PDF Processor

Provides PDF utilities such as searchability checks, OCR, table extraction, and splitting PDFs into images.

PDF Processor block showing page-wise conversion configuration PDF Processor block showing split PDF to pages configuration

Quick Start

To get started:

  • Select an operation from the Choose Operation dropdown
  • Configure operation-specific parameters
  • Send PDF path via msg.payload.pdf_path
  • Receive the operation result in msg.payload

Configuration

Configuration varies by operation type.

Common Input Format

msg.payload.pdf_path (string)

Relative path of the PDF file on shared storage.

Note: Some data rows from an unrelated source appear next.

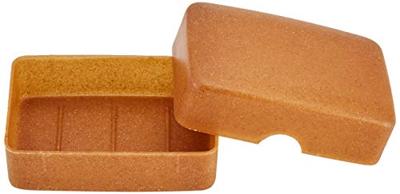 Croll & Denecke Zeep doos vloeibaar hout - licht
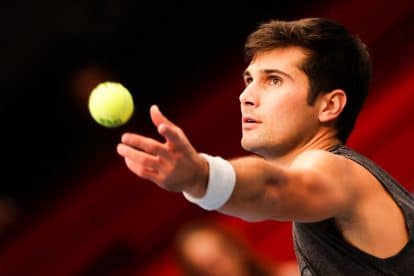 Marton Fucsovics vs Marcos Giron Prediction and Odds: Wimbledon 2023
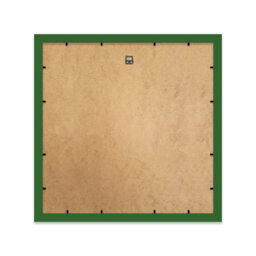 16X16 Green Picture Frame (40.6 X 40.6Cm) Poster, Photo, Artwork, Gallery Wall Or Print - thumbnail 5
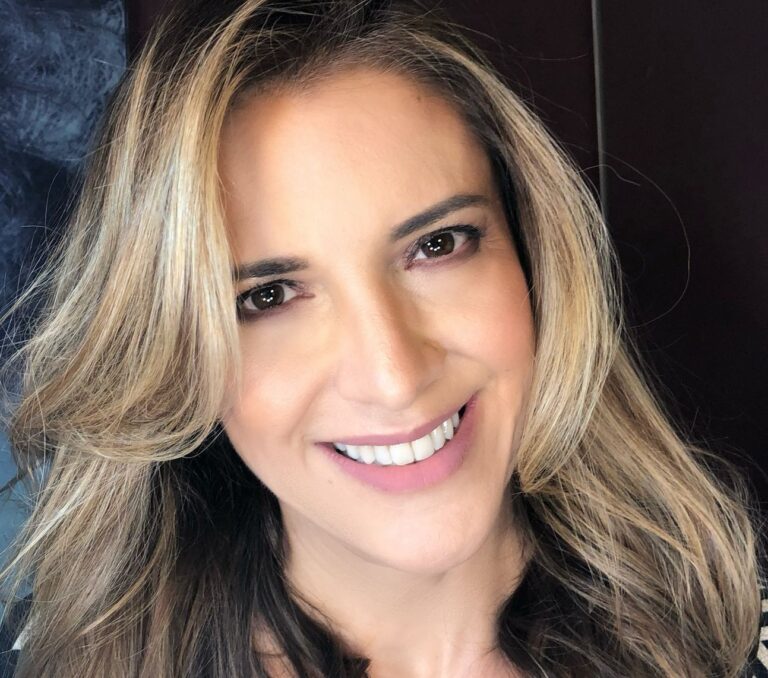 2026: Eliziane Alencar, CEO da Advance: “Só as melhores estratégias e ideias terão chance.”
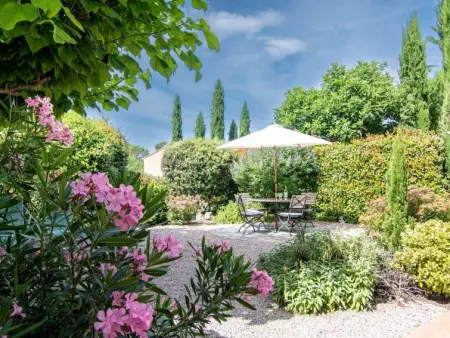 Villa Corale Villa 18, Maison 6 personnes à Nans les Pins - Photo 6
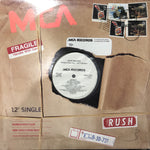 Jacci McGhee : Skeeza (12", Single, Promo)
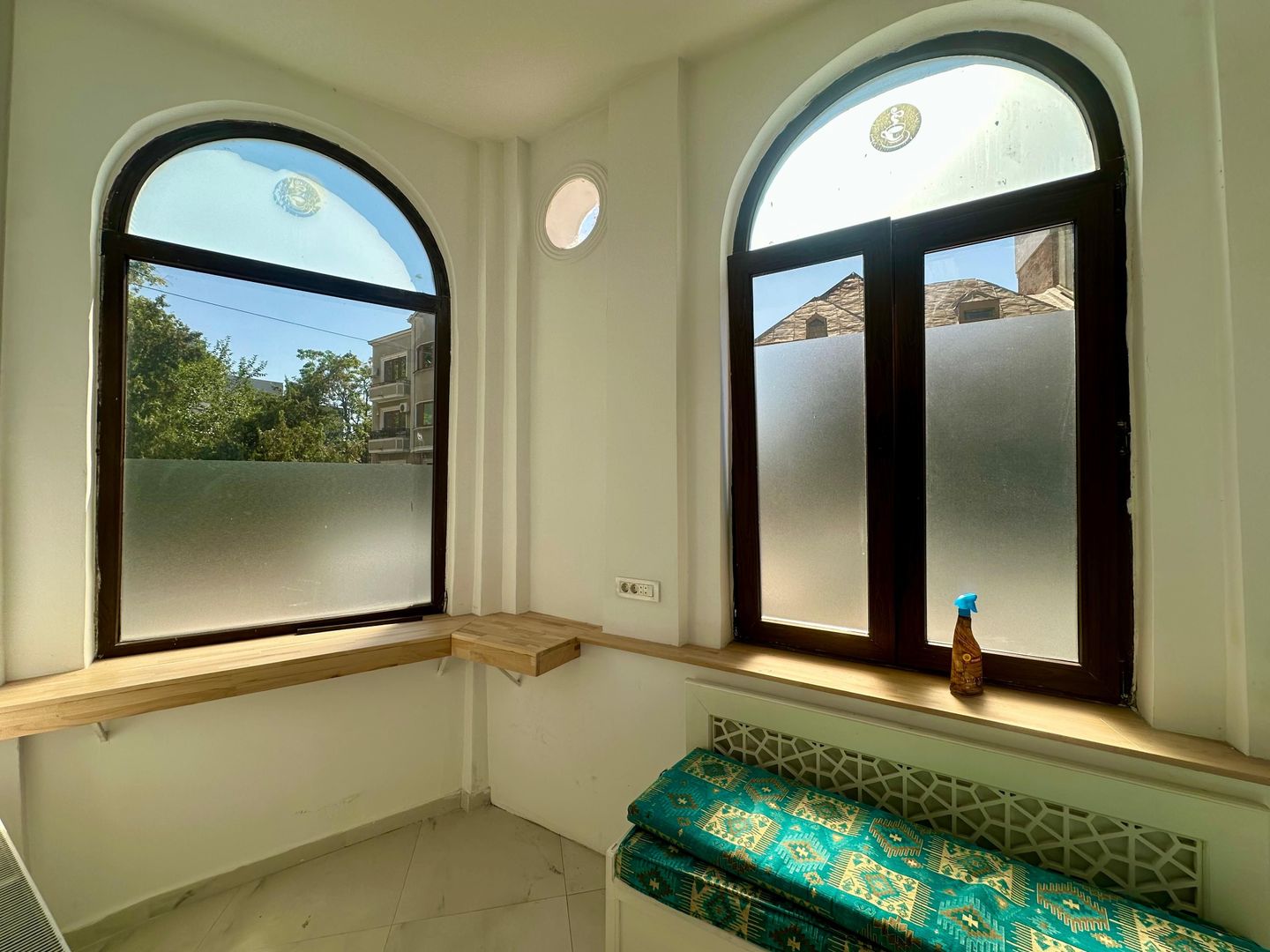 Vila de Inchiriat | Armeneasca-Mantuleasa | 338,5 mp - 8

Example: "documents/report.pdf"

Common Output Format

Output format varies by operation (image paths, OCR results, table extraction results).

Available Operations

The PDF Processor block supports the following operations:

  • Searchable or Scanned (is_searchable)
    • Input: msg.payload.pdf_path (string)
    • Config: line_count (number)
    • Output (msg.payload): true | false
  • Split PDF to Images (split_pdf_to_images)
    • Input: msg.payload.pdf_path (string)
    • Config: dpi (number)
    • Output (msg.payload): array of generated image filenames (strings)
  • PDF OCR (pdf_ocr)
    • Input: msg.payload.pdf_path (string)
    • Optional input: msg.payload.pages (array of page numbers) for page-scoped OCR modes
    • Config: ocr_type (string)
    • Config: content_type (string, only for “extract content” modes)
    • Config: width / height (numbers, only for “pages and words” modes)
    • Output (msg.payload): varies by selected ocr_type
  • Table Extraction (table_extraction)
    • Input: msg.payload.pdf_path (string)
    • Config: Type of Extractor with options Algorithm - 1, Algorithm - 2, or Default Extraction
    • Output (msg.payload): extracted table artifact(s), depending on the selected extractor

Common Errors

  • Invalid PDF path: PDF file doesn't exist on shared storage.
  • Corrupted PDF: PDF file is corrupted or unreadable.
  • Invalid page numbers: Specified page numbers are out of range.
  • Service unavailable: The service is unavailable or unreachable.

Best Practices

  • Convert PDFs to images for document processing workflows
  • Extract specific pages to reduce processing time
  • Merge PDFs to consolidate related documents
  • Split large PDFs for parallel processing
  • Handle password-protected PDFs appropriately
  • Clean up generated files after processing